Sorry, boomers, but not sorry; I plan to cannibalize your entire generation at the first available opportunity. At this point I (and when I say I, I mean my generation) literally have no choice. The difference is, you did.

When I was younger, I thought of all those rebellious hippies with a bit of admiration. But much like Obama's campaign of hope, in retrospect, I see what a ruse it all was (I support Obama, but even the most starry-eyed stans must admit...). They were, and will always be, merely looking out for their own interests, at the expense of everyone else. SS is a joke and needs to go. It is unsustainable anyway, and at this rate will take down as many as it can on the way down, cushioning only the boomers fall. I mean, it is horrible that the disabled and those children mentioned above are having to rely on this terrible system, and will be negatively affected by its absence, but, think of how many 'fringes' are being hurt directly BY SS. Out of the ashes, make a program ACTUALLY tailored to help them, those who need it. Unions? Twunions, more like it. Two leveled unions, the upper tier lasting exactly as long as the boomers needed it to. I don't even WANT what your unions have left to offer me. But I am stuck with them. We are stuck with the aftermath of a generational tornado, basically, whatever is left in the ruins financed on a credit card WE have to pay off, And chastised for being 'ungrateful'. I feel that this article exaggerates NOTHING. If anything, it's the least alarmist thing I've read on a drastically alarming situation. This, is pure fact. Numbers. The bleak, horrifying truth. I wish it would go viral.

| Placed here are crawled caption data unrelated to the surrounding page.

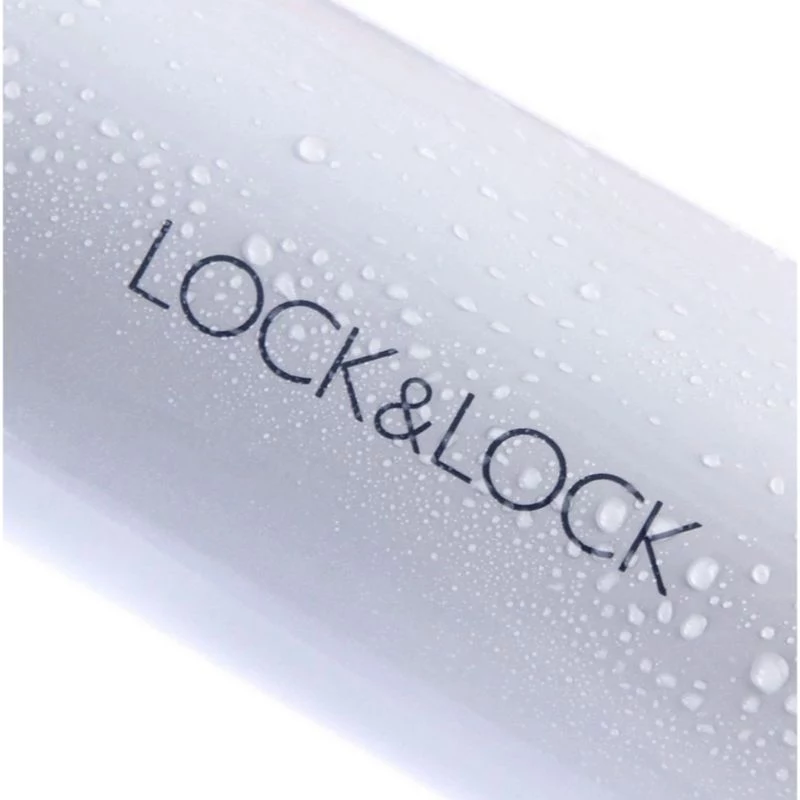 LOCKNLOCK Thermosbecher Name 500ml Weiß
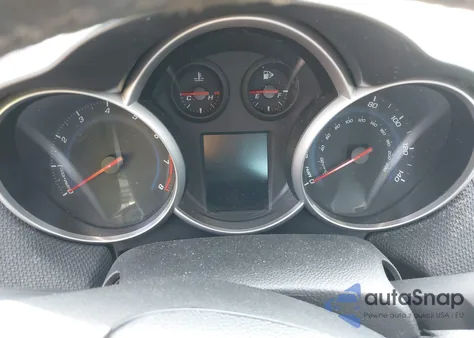 2014 Chevrolet Cruze 1Lt Auto z USA, uszkodzony, nr VIN 1G1PC5SB4E7434592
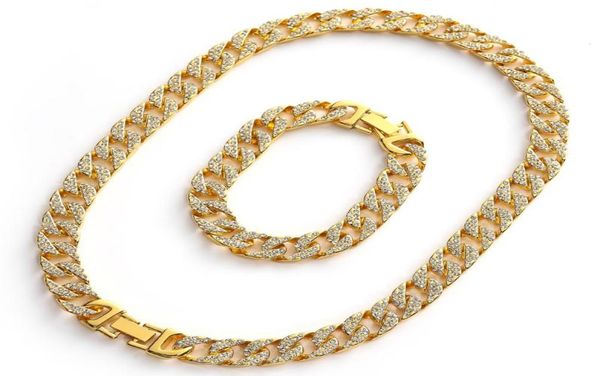 earrings necklace hip hop men gold color necklaces amp braclete combo set out cuban jewerly crystal miami chain for6621110, Silver
earrings necklace hip hop men gold color necklaces amp braclete combo set out cuban jewerly crystal miami chain for6621110, Silver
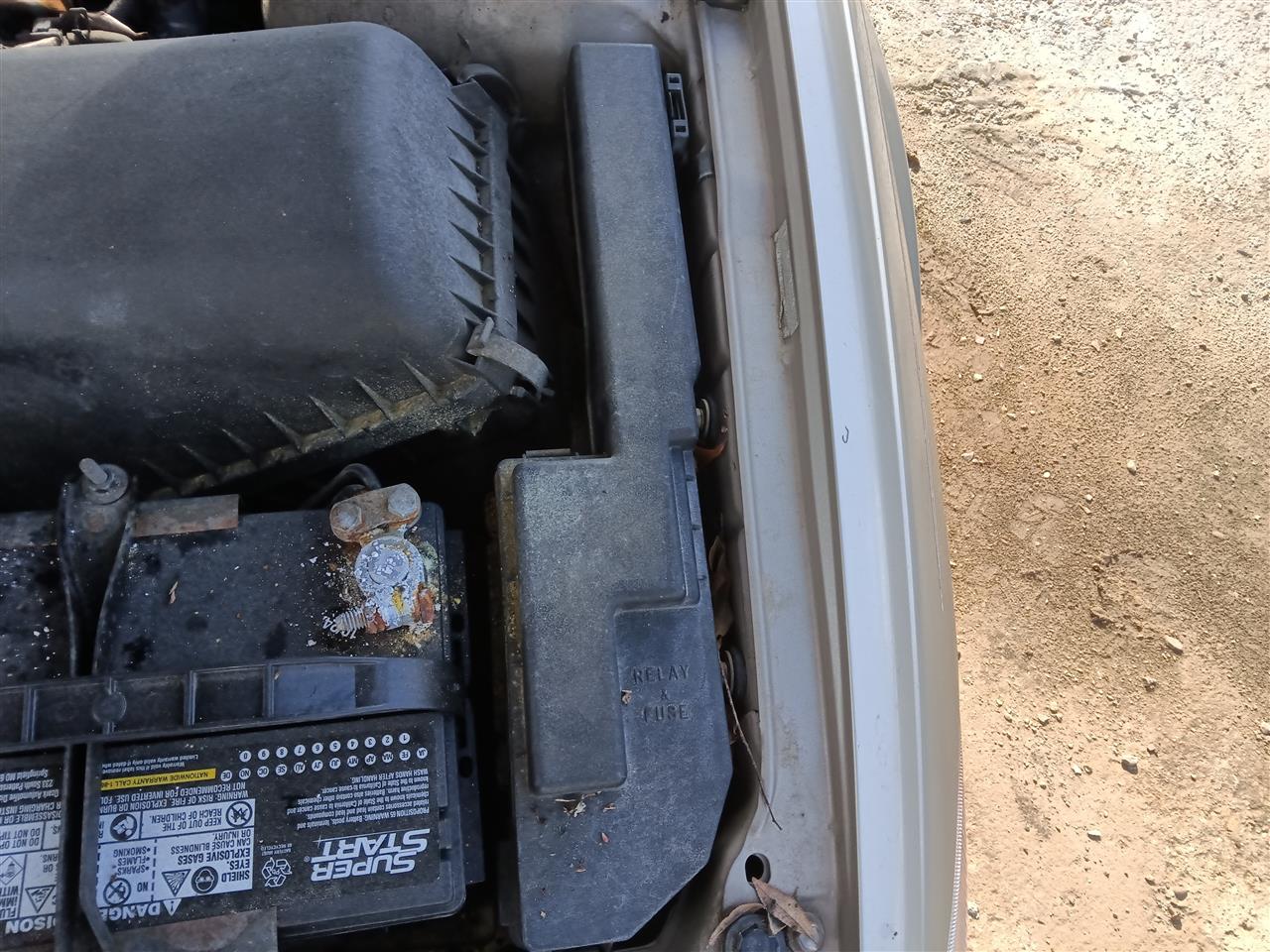 1997 Toyota Camry Engine Bay Fuse Box Relay Panel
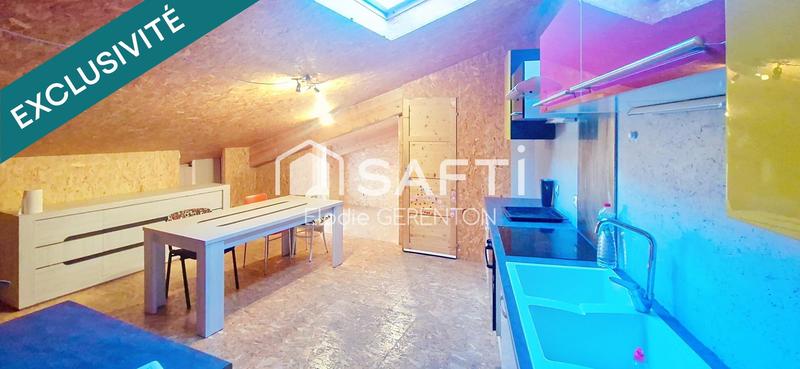 Maison - 75 m² - 5 pièces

Edited at 2012-03-31 07:23 am (UTC)
lil_insanity 31st-Mar-2012 06:35 pm (UTC)
Well said.
apostle_of_eris 31st-Mar-2012 10:26 pm (UTC)
I smell bullshit.
Anyone over 55 who doesn't have a job probably will never have another.
You think the geezers don't know it? Being blind is not the monopoly of any particular generation.

Did you notice that these figures are exclusively by age, and not broken down to make "the 1%" visible? Five of the ten largest personal fortunes in the U.S. are Wal-Mart heirs. The Koch brothers don't discriminate on the basis of age. They want everyone screwed.

Averages?
If Bill Gates visits a soup kitchen, the average net worth of every person there is a billion dollars. But it's still Bill Gates and 50 bums.
The average American has 0.98 testicles.

I expect that readers of this group mostly know who has been rigging things for the last few decades to put us here. One of the interesting things about the current depression is that each age cohort is screwed in its own particular way. I emphatically agree that the college and recently college age "generation" is well and truly fucked, but the people who spent decades paying into social Security who are not going to collect anything aren't in such good circumstances either.

Let's you and him fight is one of the oldest tricks in the book. It's not working quite as well with race recently, though there are places the Mexicans are useful, but distractions from class solidarity are always in demand.
dncingmalkavian 1st-Apr-2012 04:22 am (UTC)
I've been saying a lot of things along these lines for several years now, and my mother and her crew are insisting that none of this is their fault and my generation ought to "pull yourselves up by your bootstraps, stop whining, and get a job."

Okay, so according to you, spending five years in college, self-educating tech and arts skills, and doing everything possible to turn a dollar is whining? Because most of us are doing something along the same lines, along with bitching at you to actually DO something about the problem instead of telling us to suck it up and deal with putting in a shitload of work for no end results.